South African Adventure – Journey’s End Vineyards

For four weeks, I am here in South Africa learning all I can about the ins and outs of winemaking, daily chores in the cellar and picking fruit in the vineyards. You never know what will happen in the cellar on any given day or what surprises may await you!

After moving free run Chardonnay into the tank, press wine went into a different tank. After 7 presses and four different tanks, the press wine has been combined into one and we are now ready to start fermentation on the free run juice. The juice looks amazing. And it can only be amazing with good quality grapes, and the Chardonnay grapes this year are beautiful. All of this makes winemaker Mike Dawson very happy and he’s predicting the wine from vintage 2018 will be even better than vintage 2017. You add enzyme and the least amount of sulphur to ‘help’ the grapes along. Some of this was my job.

This winemaking can be a precarious business. Inoculation can occur in the wrong tanks, wine can be moved wrongly from one tank to another, readings can be misinterpreted, wrong amounts of enzyme or sulphur can be mixed…oi, the possibilities are endless for errors. So, in the end, when the winemaker asks me to do something, I am triple checking to ensure it’s done right! Far be it from me to ruin 3 or 5 or 10,000 L of wine! I certainly don’t want to be responsible for that!

There are also hoses, pump machines, a destemming machine, grape conveyor belt and countless water tubs all over the cellar for which you need to be careful you don’t trip over! I have a large bump on my leg to prove it! All this to say, this is only the introduction to Journey’s End. Next week, the Semillon and Sauvignon Blanc will be picked – another new experience! After racking, the lees draining from the bottom of the tank.

So after another two weeks here in South Africa, I’ve been able to experience so much more at the cellar, both the good and the bad. Being able to take daily ballings (in short, taking sugar and temperature readings to ensure fermentation is indeed happening)has been nothing short of ‘super cool’. To see the yeast doing its job, along with a few nutrients; the fermentation bubbling inside the barrel, to smell the CO2 and cough when I can’t seem to get the siphon to work…it’s all part of the experience that I have had here that will rival no other. I love that the winemaker has enough trust in me to do this for him.

And just this past week, I tasted the lineup of Journey’s End wines that the winery makes, only to be thrilled, pleasantly surprised, and truthfully, for a very few, disappointed. I took it very seriously, imparting my WSET tasting skill set to taste and write some serious notes.
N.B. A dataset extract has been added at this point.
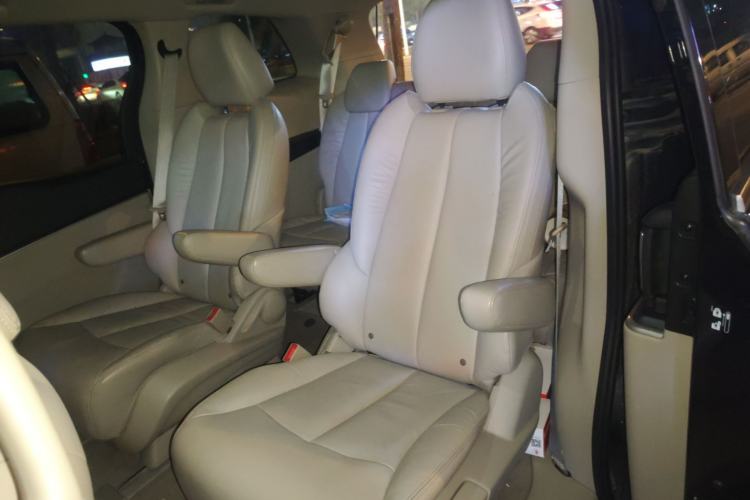 Used Buick GL8 2014 3.0L GT Luxury Business Haoya Edition Left Rear Seat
I have one week left to learn all I can, and (hopefully) get in on some RED wine harvest! It’s totally different and I want to be a part of it! White grapes are one thing, but red grapes? I want to do pump overs, i want to see skin contact, and I want to go home with hands that are so red and stained that people think I have a disease. I have loved being here at Journey’s End, truly a gift to learn from everyone and to have (hopefully) made lifelong friendships in the process. I look forward to when I can return again, this time for longer perhaps, and even bring my husband or the rest of the family! Gesondheid!